(Stored items from a collection)
┏━━

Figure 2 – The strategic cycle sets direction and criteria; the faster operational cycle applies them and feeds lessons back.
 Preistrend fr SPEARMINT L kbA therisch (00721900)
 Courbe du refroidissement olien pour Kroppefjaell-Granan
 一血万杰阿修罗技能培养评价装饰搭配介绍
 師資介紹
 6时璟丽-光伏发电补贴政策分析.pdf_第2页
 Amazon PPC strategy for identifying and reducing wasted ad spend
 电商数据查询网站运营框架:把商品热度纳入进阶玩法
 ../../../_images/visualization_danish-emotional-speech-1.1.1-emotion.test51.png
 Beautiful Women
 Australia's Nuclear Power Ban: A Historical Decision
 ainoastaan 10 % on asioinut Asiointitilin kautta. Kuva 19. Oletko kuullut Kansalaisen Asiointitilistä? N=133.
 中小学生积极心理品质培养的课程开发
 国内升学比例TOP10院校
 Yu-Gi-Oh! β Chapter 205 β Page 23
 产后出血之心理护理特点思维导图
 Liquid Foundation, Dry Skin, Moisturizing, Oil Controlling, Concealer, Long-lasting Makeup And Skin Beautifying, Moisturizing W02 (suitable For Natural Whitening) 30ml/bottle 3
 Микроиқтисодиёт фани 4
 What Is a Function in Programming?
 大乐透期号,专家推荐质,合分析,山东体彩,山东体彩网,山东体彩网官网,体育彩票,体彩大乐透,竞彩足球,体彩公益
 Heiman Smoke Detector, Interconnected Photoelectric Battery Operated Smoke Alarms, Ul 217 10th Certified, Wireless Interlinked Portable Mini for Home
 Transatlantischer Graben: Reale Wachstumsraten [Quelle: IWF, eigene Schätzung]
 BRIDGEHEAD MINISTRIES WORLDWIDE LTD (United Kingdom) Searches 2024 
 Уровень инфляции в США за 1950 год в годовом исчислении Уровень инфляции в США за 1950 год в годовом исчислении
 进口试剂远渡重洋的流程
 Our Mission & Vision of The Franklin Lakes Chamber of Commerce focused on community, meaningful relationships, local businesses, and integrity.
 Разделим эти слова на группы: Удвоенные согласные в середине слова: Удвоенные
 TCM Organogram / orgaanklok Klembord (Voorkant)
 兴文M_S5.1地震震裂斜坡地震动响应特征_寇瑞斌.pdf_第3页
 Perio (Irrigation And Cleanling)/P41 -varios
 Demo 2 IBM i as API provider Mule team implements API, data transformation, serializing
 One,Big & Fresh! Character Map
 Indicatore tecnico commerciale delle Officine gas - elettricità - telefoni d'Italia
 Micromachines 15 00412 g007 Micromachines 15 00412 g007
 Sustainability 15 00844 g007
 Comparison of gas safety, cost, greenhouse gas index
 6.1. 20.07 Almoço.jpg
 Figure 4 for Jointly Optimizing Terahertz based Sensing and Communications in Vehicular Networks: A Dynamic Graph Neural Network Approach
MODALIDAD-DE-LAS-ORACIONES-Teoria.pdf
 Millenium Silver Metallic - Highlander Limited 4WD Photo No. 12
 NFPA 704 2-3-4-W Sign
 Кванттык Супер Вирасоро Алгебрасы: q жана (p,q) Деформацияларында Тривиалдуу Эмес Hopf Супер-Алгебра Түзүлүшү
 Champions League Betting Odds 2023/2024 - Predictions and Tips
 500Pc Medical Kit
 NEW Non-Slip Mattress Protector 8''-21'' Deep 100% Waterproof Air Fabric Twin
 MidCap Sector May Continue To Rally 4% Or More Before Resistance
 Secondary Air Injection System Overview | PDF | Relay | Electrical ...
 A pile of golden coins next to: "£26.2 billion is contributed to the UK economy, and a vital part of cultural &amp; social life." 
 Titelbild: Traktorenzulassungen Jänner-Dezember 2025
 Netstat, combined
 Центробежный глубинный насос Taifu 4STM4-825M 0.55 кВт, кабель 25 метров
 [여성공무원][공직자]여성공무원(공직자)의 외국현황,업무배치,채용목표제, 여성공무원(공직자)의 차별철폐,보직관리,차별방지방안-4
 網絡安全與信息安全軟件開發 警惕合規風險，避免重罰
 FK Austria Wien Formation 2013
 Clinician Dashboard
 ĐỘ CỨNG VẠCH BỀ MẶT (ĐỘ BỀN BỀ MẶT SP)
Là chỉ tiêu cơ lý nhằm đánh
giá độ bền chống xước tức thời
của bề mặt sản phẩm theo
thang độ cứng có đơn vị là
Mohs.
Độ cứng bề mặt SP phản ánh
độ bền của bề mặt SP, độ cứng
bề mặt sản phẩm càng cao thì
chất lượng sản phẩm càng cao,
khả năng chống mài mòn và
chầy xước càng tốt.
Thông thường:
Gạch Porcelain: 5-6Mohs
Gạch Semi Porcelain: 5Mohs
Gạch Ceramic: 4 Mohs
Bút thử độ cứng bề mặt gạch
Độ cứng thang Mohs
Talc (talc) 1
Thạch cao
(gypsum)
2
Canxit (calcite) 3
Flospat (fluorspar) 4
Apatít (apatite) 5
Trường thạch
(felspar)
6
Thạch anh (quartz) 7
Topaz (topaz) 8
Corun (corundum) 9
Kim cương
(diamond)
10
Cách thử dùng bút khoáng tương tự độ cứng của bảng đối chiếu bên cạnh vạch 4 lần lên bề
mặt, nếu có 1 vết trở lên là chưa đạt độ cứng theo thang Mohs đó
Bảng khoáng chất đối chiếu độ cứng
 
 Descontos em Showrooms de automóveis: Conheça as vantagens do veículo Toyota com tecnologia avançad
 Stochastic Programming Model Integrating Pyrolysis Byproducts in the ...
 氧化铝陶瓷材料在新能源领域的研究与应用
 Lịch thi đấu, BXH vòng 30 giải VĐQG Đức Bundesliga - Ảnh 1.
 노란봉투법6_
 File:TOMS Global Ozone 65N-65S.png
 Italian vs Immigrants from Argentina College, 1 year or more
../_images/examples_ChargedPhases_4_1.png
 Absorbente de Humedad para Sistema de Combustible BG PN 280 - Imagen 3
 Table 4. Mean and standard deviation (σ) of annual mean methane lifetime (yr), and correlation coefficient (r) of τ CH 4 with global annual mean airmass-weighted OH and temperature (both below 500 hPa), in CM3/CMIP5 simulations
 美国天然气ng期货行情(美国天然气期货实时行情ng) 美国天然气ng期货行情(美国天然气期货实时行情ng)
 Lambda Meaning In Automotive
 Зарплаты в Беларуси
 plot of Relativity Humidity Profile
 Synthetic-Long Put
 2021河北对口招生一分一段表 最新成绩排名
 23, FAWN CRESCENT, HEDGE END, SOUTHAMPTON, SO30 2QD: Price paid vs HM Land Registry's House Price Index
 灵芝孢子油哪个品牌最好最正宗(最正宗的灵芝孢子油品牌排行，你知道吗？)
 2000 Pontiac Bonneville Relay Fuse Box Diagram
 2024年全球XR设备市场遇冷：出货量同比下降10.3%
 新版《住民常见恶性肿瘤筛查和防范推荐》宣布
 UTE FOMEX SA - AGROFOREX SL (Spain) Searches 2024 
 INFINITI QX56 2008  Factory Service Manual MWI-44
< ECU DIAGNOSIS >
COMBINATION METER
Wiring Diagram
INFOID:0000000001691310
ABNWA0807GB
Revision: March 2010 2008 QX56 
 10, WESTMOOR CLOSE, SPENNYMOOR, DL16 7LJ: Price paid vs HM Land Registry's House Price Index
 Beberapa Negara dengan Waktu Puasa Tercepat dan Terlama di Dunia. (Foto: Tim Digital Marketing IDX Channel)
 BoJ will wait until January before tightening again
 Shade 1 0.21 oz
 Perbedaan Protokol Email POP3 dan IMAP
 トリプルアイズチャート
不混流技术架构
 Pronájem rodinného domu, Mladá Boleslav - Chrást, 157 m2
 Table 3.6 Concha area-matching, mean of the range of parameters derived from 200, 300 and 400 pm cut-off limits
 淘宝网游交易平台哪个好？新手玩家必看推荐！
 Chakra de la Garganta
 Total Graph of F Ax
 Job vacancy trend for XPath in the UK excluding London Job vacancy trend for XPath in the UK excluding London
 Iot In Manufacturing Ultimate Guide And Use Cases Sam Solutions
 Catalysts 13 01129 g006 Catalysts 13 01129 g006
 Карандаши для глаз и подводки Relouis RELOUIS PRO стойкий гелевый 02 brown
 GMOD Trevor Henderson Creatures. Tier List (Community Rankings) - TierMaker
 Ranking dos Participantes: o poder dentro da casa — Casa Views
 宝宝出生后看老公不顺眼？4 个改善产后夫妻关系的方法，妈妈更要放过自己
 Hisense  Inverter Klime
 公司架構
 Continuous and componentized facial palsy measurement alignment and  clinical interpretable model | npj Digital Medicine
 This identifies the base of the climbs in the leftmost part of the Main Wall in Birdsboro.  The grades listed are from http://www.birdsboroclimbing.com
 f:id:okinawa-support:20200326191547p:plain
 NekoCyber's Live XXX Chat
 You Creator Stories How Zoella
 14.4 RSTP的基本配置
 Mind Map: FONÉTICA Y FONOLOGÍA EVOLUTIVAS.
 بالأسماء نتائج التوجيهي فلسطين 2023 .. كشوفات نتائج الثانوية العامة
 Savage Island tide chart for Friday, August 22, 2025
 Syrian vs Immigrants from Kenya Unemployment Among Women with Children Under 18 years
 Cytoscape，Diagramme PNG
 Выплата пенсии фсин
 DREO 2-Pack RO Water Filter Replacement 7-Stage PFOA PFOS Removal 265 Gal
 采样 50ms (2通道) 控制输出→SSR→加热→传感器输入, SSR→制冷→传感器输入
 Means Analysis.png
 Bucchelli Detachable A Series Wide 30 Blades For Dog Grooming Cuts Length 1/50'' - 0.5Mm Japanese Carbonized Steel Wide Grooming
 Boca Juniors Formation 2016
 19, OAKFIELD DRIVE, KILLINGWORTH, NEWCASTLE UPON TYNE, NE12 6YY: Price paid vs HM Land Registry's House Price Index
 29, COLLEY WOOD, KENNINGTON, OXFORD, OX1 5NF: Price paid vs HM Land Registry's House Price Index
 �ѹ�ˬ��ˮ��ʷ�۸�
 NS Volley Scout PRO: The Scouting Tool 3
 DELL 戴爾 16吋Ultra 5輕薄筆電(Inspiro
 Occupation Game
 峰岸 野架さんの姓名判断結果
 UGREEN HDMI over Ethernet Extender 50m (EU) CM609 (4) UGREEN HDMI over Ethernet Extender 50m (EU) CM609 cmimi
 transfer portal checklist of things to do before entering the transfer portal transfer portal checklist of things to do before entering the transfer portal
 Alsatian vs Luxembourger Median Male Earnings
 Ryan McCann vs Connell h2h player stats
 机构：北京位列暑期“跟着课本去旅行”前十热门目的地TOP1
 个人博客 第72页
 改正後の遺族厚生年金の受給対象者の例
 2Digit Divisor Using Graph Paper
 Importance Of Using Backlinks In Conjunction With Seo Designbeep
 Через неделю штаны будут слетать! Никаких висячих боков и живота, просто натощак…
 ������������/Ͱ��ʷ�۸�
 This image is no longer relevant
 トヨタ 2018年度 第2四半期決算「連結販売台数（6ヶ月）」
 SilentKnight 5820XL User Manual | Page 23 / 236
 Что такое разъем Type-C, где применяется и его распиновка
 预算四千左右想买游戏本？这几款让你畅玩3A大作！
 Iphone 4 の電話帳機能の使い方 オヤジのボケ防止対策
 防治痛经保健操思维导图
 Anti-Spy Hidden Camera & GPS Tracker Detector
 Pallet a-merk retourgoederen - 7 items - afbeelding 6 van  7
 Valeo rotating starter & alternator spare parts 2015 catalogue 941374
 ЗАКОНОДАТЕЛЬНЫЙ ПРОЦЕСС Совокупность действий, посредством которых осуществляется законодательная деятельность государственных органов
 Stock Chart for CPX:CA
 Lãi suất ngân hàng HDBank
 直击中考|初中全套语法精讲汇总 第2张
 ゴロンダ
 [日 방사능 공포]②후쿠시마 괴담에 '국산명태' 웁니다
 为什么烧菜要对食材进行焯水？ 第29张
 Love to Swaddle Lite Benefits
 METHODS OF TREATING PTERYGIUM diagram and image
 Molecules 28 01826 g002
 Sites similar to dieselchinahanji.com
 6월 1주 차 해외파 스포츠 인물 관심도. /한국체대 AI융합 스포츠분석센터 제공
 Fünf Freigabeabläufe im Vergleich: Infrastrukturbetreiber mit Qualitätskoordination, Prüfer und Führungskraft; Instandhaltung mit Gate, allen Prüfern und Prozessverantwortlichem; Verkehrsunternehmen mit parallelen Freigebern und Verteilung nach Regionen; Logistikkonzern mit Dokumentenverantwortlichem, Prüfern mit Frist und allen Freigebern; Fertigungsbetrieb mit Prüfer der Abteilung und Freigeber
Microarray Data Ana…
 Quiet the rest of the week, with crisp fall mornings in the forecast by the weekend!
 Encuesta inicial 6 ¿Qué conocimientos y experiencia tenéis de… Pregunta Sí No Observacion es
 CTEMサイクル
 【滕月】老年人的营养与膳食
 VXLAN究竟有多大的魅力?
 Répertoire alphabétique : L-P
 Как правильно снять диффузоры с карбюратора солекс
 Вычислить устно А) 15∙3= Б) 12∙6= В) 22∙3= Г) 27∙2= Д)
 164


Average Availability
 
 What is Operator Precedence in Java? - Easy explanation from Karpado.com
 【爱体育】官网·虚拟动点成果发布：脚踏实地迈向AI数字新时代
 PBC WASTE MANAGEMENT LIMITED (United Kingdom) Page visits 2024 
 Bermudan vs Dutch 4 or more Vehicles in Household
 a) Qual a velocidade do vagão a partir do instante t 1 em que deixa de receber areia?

┗━━

■ **EXERCISE BRIEF**
Filter the entries above down to the lines that hold the word "Immigrants", and copy those lines.

■ **COMPLETED EXERCISE**
 Italian vs Immigrants from Argentina College, 1 year or more
 Syrian vs Immigrants from Kenya Unemployment Among Women with Children Under 18 years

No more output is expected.